The judge also found that Hurles had good behavior while incarcerated prior to committing the murder. Taken either by itself or in combination with Hurles' family background, we do not believe this sufficiently mitigates the quality of the aggravating circumstance. A life sentence would not be more appropriate.Id., 185 Ariz. at 207-08, 914 P.2d at 1299-1300 (citation omitted).

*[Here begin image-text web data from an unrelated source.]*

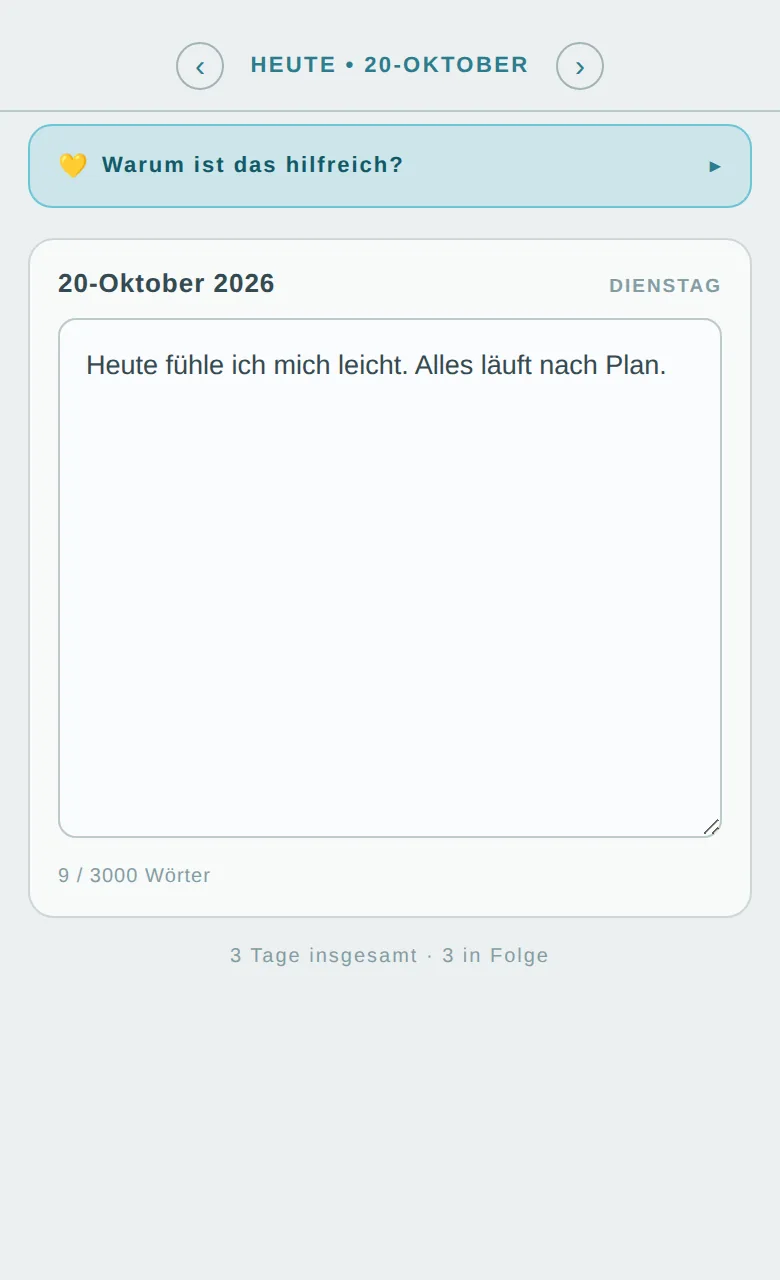 Tagebuch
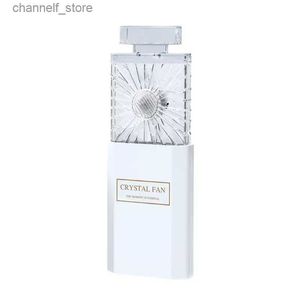 Electric Fans Mini handheld fan charging portable and extendable 3-speed with fragrance personal fan small handheld battery consoleY240320
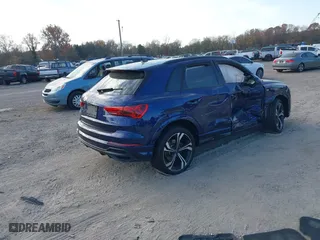 2024 Audi Q3 S line Premium Plus with VIN WA1EECF39R1107267, listed as a IAAI auction lot 40791219 with 26,658 mi miles. Bid and sale history available at carsss.com. Image 4.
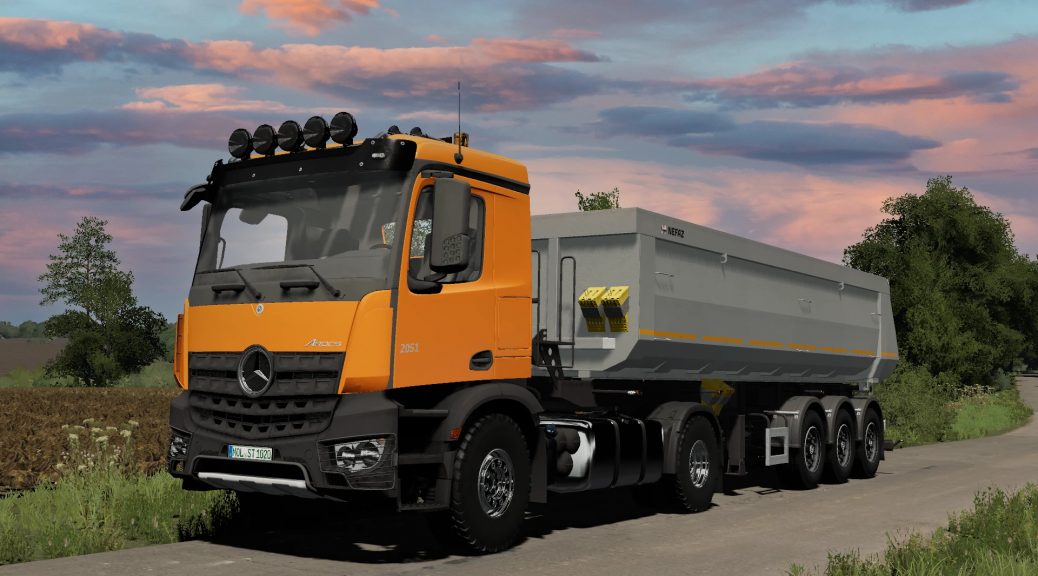 Mercedes-Benz Arocs 4x2 v1.0 FS 19 - Farming Simulator 2022 / 19 mod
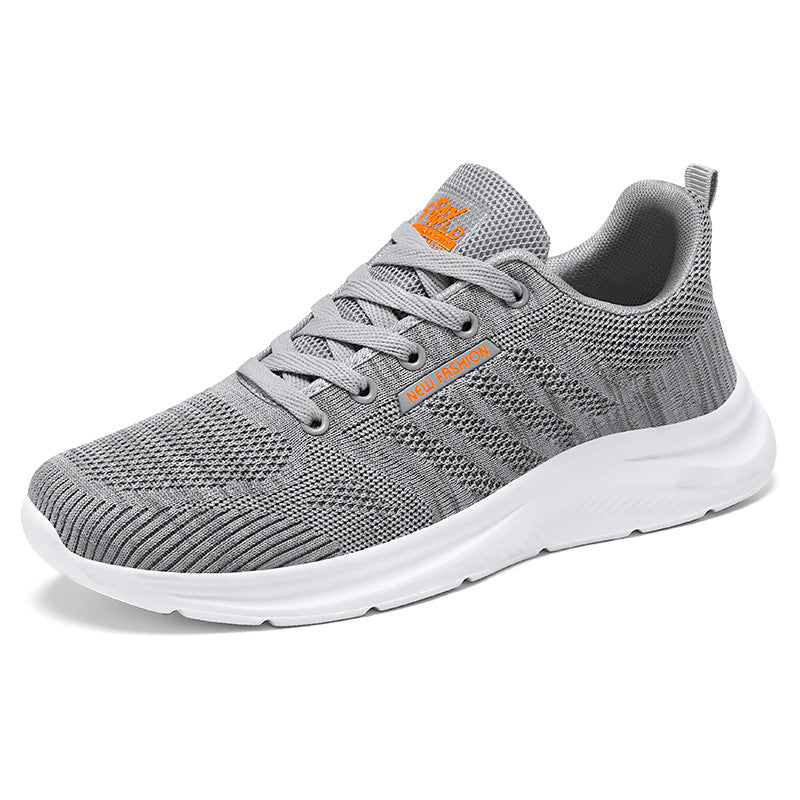 Damen nan atmungsaktive Strick-Komfort-Sneaker mit gepolstertem Fersenbereich und flexibler Leichtlaufsohle EB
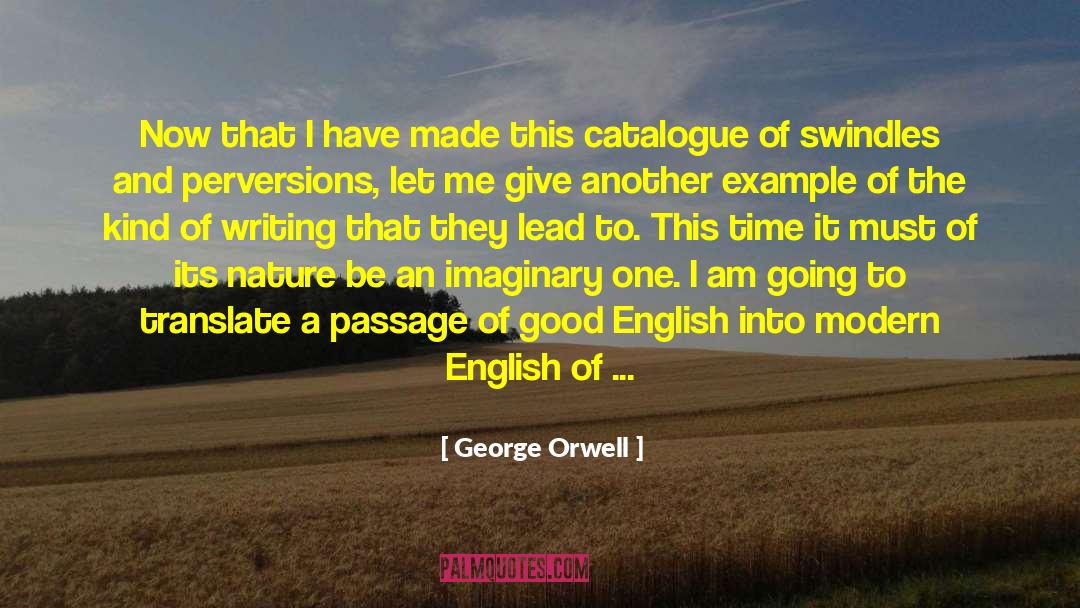 Appleseeds Catalogue quotes by George Orwell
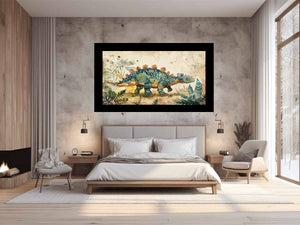 Ankylosaurus Prehistoric Dinosaur Illustration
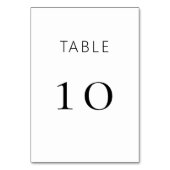 Numéro De Table Mariage noir blanc (Dos)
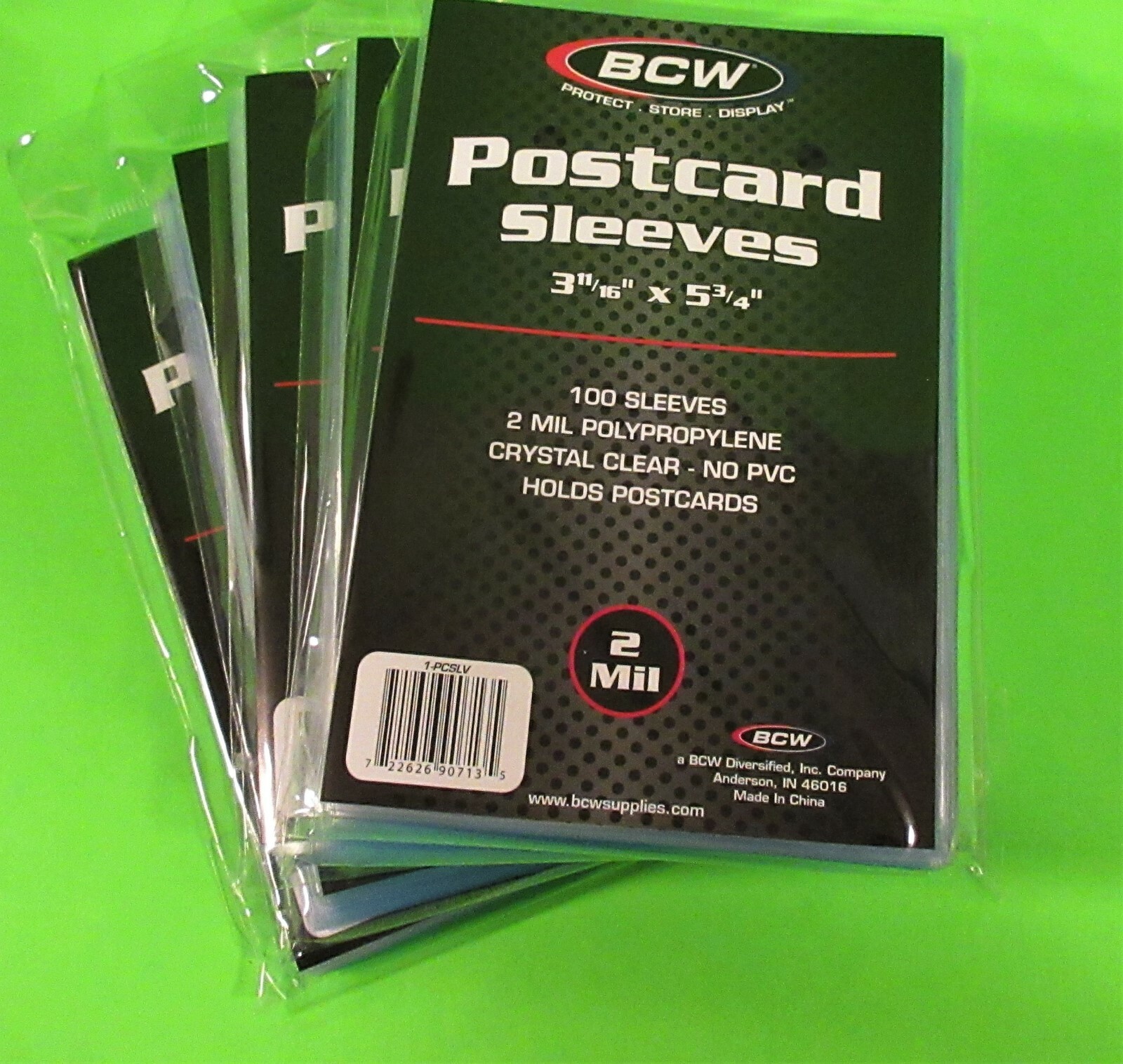 500 U.S. POSTCARD POLY SLEEVES, CRYSTAL CLEAR - 3-11/16" x 5-3/4"- FREE SHIPPING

In his first PCR petition, Petitioner argued generally that appellate counsel was ineffective for failing to argue that imposition of the death penalty was inappropriate. (Dkt. 27, Ex. D at 8, 15.) The PCR court denied relief, stating:
Although the appellate IAC claim articulated by Petitioner in these proceedings (failure to raise a claim challenging the trial court's failure to consider the cumulative weight of mitigation) differs from that presented in the first PCR (failure to argue to the Arizona Supreme Court against imposition of the death penalty), Respondents nonetheless conceded that the claim was properly exhausted and should be addressed on the merits by this Court. (Dkt. 73 at 7-8.) In light of respondents' concession and in light of the fact the Court previously determined that this claim was properly exhausted and appropriate for substantive review, ( see id. at 7-8, 16-17), the Court will address this claim on the merits.
As to the last claim, that appellate counsel was ineffective for not arguing on appeal against imposition of the death penalty, this Court is not satisfied that further hearing is necessary since the Strickland v. Washington test has not been met. The Arizona Supreme Court conducted its own, independent review of the sentence imposed in this case and this Court is not satisfied that the outcome on appeal would have been different even if such an argument had been presented.
(Dkt. 27, Ex. J at 3.) The Arizona Supreme Court denied review without comment.
Analysis
A sentencer is required to consider any mitigation offered by a defendant, including non-statutory mitigation. See Lockett v. Ohio, 438 U.S. 586, 604 (1978); see also Ceja v. Stewart, 97 F.3d 1246, 1251 (9th Cir. 1996). In Lockett, and subsequently in Eddings v. Oklahoma, the Supreme Court held that under the Eighth and Fourteenth Amendments the sentencer must be allowed to consider, and may not refuse to consider, any constitutionally relevant mitigating evidence. Eddings v. Oklahoma, 455 U.S. 104, 113-14 (1982). Constitutionally relevant mitigating evidence is "any aspect of a defendant's character or record and any of the circumstances of the offense that the defendant proffers as a basis for a sentence less than death." Lockett, 438 U.S. at 604. However, while the sentencer must not be foreclosed from considering relevant mitigation, "it is free to assess how much weight to assign such evidence." Ortiz v. Stewart, 149 F.3d 923, 943 (9th Cir. 1998); see Eddings, 455 U.S. at 114-15 ("The sentencer . . . may determine the weight to be given the relevant mitigating evidence.").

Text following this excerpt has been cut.